Antonio Bastardo < 500

With most of the early spring training talk about the Pirates being extremely positive, their bullpen is sort of the elephant in the room. Obviously Tony Watson and Mark Melancon are great and John Holdzkom was promising down the stretch last year, but the Bucs’ bullpen blew a lot of leads last year. They did so especially when asked to throw more than two or three innings in a game, which happened quite a bit with last year’s patchwork rotation. They were specifically missing was a reliever capable of working either as a situational lefty or as a bridge to the late innings after Justin Wilson dropped off from his 2013 breakout. Wilson was summarily traded to the Yankees, officially opening his spot in the bullpen.

Enter Antonio Bastardo. Bastardo has been up and down in his career in Philadelphia, with much of the “down” being tied to a high walk rate and a high fly-ball rate that leads to a relatively high home run rate. He strikes out a ton of hitters, though, (324 in 259 career innings), he’s equally tough on lefties (career .621 OPS against) and righties (.644), and he’s had a couple of excellent years in Philadelphia. If you assume that Ray Searage and Jim Benedict can help his control (they seem to be able to help most pitchers’ control) and move Bastardo from the hitter-friendly Citizen’s Bank Park to the pitcher-friendly PNC Park, you can see exactly how Bastardo can improve into a really good reliever in 2015 without assuming that Searage and Benedict will work their magic to get more ground balls out of Bastardo.

It’s entirely possible, of course, that the Pirates have some roadmap to make Bastardo more of a ground ball pitcher.

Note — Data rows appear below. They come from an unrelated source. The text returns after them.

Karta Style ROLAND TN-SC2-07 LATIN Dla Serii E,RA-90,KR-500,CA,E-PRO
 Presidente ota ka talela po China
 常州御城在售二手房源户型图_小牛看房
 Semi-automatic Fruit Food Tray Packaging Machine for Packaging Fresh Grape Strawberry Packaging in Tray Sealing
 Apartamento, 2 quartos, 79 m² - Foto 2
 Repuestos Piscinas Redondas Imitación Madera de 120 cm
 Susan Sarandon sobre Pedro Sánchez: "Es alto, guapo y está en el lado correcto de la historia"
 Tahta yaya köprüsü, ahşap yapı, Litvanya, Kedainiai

They’ve had their eye on him before, and I tend to assume that whenever they show extended interest in a pitcher, it’s because they see something that they can work with. That being said, I sort of like the fact that Bastardo doesn’t slot as neatly into the Pirates’ general vision for a pitching staff as you might expect. It suggests that the club isn’t going to be a slave to their own internal dogma about pitching; Bastardo is a pretty good reliever that will be helped by a change in circumstance in a similar way that AJ Burnett was on his first trip to Pittsburgh, he fills a role that the Pirates need, and so they went out and got him despite the fact that he’s only got a ~30% ground ball rate. I like to see that sort of flexibility in thinking, and I think the team will be better off for it.

<500 is an ongoing series previewing 2015 for each key Pirate in fewer than 500 words.